Item 1.01 Entry into a Material Definitive Agreement.
Agreement and Plan of Merger
On April 26, 2022, Caladrius Biosciences, Inc. ( “Caladrius”), CS Cedar Merger Sub, Inc., a Delaware corporation and wholly owned subsidiary of Caladrius (“Merger Sub”), and Cend Therapeutics, Inc., a Delaware corporation (“Cend”), entered into an Agreement and Plan of Merger and Reorganization (the “Merger Agreement”), pursuant to which, among other matters, and subject to the satisfaction or waiver of the conditions set forth in the Merger Agreement, Merger Sub will merge with and into Cend, with Cend continuing as a wholly owned subsidiary of Caladrius and the surviving corporation of the merger (the “Merger”). The Merger is intended to qualify for federal income tax purposes as a tax-free reorganization under the provisions of Section 368(a) of the Internal Revenue Code of 1986, as amended.
Subject to the terms and conditions of the Merger Agreement, at the closing of the Merger, (a) each outstanding share of Cend common stock and Cend preferred stock will be converted into the right to receive a number of shares of Caladrius common stock (“Caladrius Common Stock”) equal to the exchange ratio described below; and (b) each outstanding Cend stock option that has not previously been exercised prior to the closing of the Merger will be assumed by Caladrius.

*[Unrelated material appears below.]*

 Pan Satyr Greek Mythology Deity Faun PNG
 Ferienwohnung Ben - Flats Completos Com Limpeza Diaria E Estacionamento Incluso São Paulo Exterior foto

Under the exchange ratio formula in the Merger Agreement, as of immediately after the Merger, the former Cend stockholders are expected to own approximately 50% of the outstanding shares of Caladrius Common Stock and stockholders of Caladrius as of immediately prior to the Merger are expected to own approximately 50% of the outstanding shares of Caladrius Common Stock. The actual allocation will be subject to adjustment based on Caladrius’ net cash balance at the time of closing and the amount of any transaction expenses of Cend in excess of $250,000 at the time of closing.
Consummation of the Merger is subject to certain closing conditions, including, among other things, approval by the stockholders of Caladrius and Cend, and Caladrius’s satisfaction of a minimum net cash threshold at closing, expected to be approximately $64.9 million assuming a closing at the end of the third quarter of 2022, and as described further in the Merger Agreement. In accordance with the terms of the Merger Agreement, (i) certain executive officers, directors and stockholders of Cend (solely in their respective capacities as Cend stockholders) holding approximately 77.5% of the outstanding Cend capital stock have entered into support agreements with Caladrius to vote all of their shares of Cend capital stock in favor of adoption of the Merger Agreement (the “Cend Support Agreements”) and (ii) certain executive officers and directors of Caladrius (solely in their respective capacities as Caladrius stockholders) holding approximately 1.8% of the outstanding Caladrius common stock have entered into support agreements with Cend to vote all of their shares of Caladrius common stock in favor of approval of the Merger Agreement (the “Caladrius Support Agreements,” together with the Cend Support Agreements, the “Support Agreements”). The Support Agreements include covenants with respect to the voting of such shares in favor of approving the transactions contemplated by the Merger Agreement and against any competing acquisition proposals and place certain restrictions on the transfer of the shares of Caladrius and Cend held by the respective signatories thereto.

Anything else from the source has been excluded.